Operator responsible for triggering AWS Lambda function.
Example
ExecuteLambdaOperator(
task_id='task_with_execute_lambda_operator',
airflow_context_to_lambda_payload=lambda c: {"date": c["execution_date"].strftime('%Y-%m-%d') },
additional_payload={"param1": "value1", "param2": 21},
lambda_function_name="LambdaFunctionName"
)
Above task executes AWS Lambda function LambdaFunctionName
with payload:
{
"date": "2018-08-01",
"param1": "value1",
"param2": 21
}
where date
is equal to execution_date
of airflow dag. This is extracted by airflow_context_to_lambda_payload
function from airflow context dictionary.
Execute Redshift query.
Example
DROP Redshift table:
ExecuteRedshiftQueryOperator(
task_id='drop_table',
redshift_conn_id='redshift_dev',
query='DROP TABLE IF EXISTS TEST_TABLE'
)
Query can be constructed based on Airflow context, especially execution date.
Example:
ExecuteRedshiftQueryOperator(
task_id='delete_from_table',
redshift_conn_id='redshift_dev',
query=lambda c: "DELETE FROM TABLE TEST_TABLE WHERE MONTH = '{y}-{m}'".format(y=c["execution_date"].year, m=c["execution_date"].strftime("%m"))
)
Execute Redshift COPY command.
Example 1 - append data:
ExecuteCopyToRedshiftOperator(
task_id='redshift_copy_append',
redshift_conn_id='redshift_dev',
s3_bucket='bucket',
s3_key='key',
redshift_schema='public',
table='table',
iam_role='iam_role',
mode='append'
)
Example 2 - overwrite table:
ExecuteCopyToRedshiftOperator(
task_id='redshift_copy_overwrite',
redshift_conn_id='redshift_dev',
s3_bucket='bucket',
s3_key='key',
redshift_schema='public',
table='table',
iam_role='iam_role',
mode='overwrite',
copy_params=['CSV']
)
Execute Redshift UNLOAD command.
ExecuteUnloadFromRedshiftOperator(
task_id='redshift_unload',
redshift_conn_id='redshift_dev',
select_statement='SELECT * FROM TABLE',
s3_bucket='bucket',
s3_key='key',
iam_role='iam_role',
unload_params=["DELIMITER AS ';'", "GZIP"]
)
Source S3 key can be constructed using custom Python function based on airflow context.
Example:
ExecuteCopyToRedshiftOperator(
s3_key=lambda context: "year={y}/month={m}/day={d}/".format(y=context["execution_date"].year, m=context["execution_date"].strftime("%m"), d=context["execution_date"].strftime("%d"))
)
Operator responsible for starting and monitoring Glue jobs.
Parameters
job_name (string) [REQUIRED] -- the name of the Glue job to start and monitor
polling_interval (integer) (default: 10) -- time interval, in seconds, to check the status of the job
job_run_id (string) -- The ID of a previous JobRun to retry.

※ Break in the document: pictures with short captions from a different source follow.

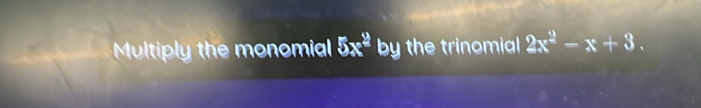 Multiply the monomial 5x^2 by the trinomial 2x^2-x+3.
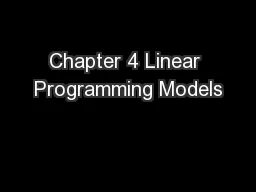 Chapter 4 Linear Programming Models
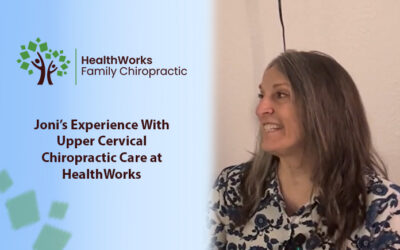 Joni’s Experience With Upper Cervical Chiropractic Care at HealthWorks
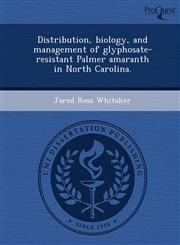 Distribution, biology, and management of glyphosate-resistant Palmer amaranth in North Carolina.,1244023469,9781244023468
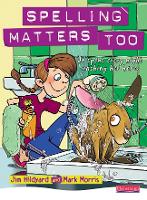 Book Cover for Spelling Matters Too Student Book by Mark Morris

arguments (dict) -- The job arguments specifically for this run. For this job run, they replace the default arguments set in the job definition itself.
timeout (integer) -- The JobRun timeout in minutes.
max_capacity (float) -- The number of AWS Glue data processing units (DPUs) that can be allocated when this job runs.
security_configuration (string) -- The name of the SecurityConfiguration structure to be used with this job run.
notification_property (dict) -- Specifies configuration properties of a job run notification.
worker_type (string) -- The type of predefined worker that is allocated when a job runs. Accepts a value of Standard, G.1X, or G.2X.
number_of_workers (integer) -- The number of workers of a defined workerType that are allocated when a job runs.
Boto3 Reference: Link
Example
glue_job_operator = StartGlueJobRunOperator(
task_id='glue_job_operator',
job_name='airflow',
polling_interval=10,
dag=dag
)
Operator responsible for starting and monitoring Glue workflows.
Parameters
workflow_name (string) [REQUIRED]: the name of the Glue workflow to start and monitor
polling_interval (integer) (default: 10) -- time interval, in seconds, to check the status of the job
Boto3 Reference: Link
Example
glue_workflow_operator = StartGlueWorkflowRunOperator(
task_id='glue_workflow_operator',
workflow_name='airflow',
polling_interval=10,
dag=dag
)
Operator responsible for starting and monitoring Glue crawlers.
Parameters
crawler_name (string) [REQUIRED]: the name of the Glue crawler to start and monitor
polling_interval (integer) (default: 10) -- time interval, in seconds, to check the status of the job
Boto3 Reference: Link
Example
glue_crawler_operator = StartGlueCrawlerOperator(
task_id='glue_crawler_operator',
crawler_name='airflow',
polling_interval=10,
dag=dag
)
Operator responsible for starting AWS Glue triggers.
Parameters
trigger_name (string) [REQUIRED]: the name of the Glue trigger to start
Boto3 Reference: Link
Example
glue_trigger_operator = StartGlueTriggerOperator(
task_id='glue_trigger_operator',
trigger_name='airflow',
dag=dag
)
Operator responsible for starting a DMS replication task.
Parameters
replication_task_arn (string) [REQUIRED] -- The Amazon Resource Name (ARN) of the replication task to be started
start_replication_task_type (string) [REQUIRED] -- The type of replication task. Possible Values include start-replication, resume-processing, reload-target
polling_interval (integer) (default: 10) -- time interval, in seconds, to check the status of the job
cdc_start_time (datetime) -- Indicates the start time for a change data capture (CDC) operation. Use either CdcStartTime or CdcStartPosition to specify when you want a CDC operation to start. Specifying both values results in an error.
cdc_start_position (string) -- Indicates when you want a change data capture (CDC) operation to start. Use either CdcStartPosition or CdcStartTime to specify when you want a CDC operation to start. Specifying both values results in an error.
cdc_stop_position (string) -- Indicates when you want a change data capture (CDC) operation to stop. The value can be either server time or commit time.
Boto3 Reference: Link
Example
dms_replication_task_operator = StartDMSReplicationTaskOperator(
task_id='dms_replication_task_operator',
replication_task_arn='airflow',
start_replication_task_type='start-replication',
polling_interval=10,
dag=dag
)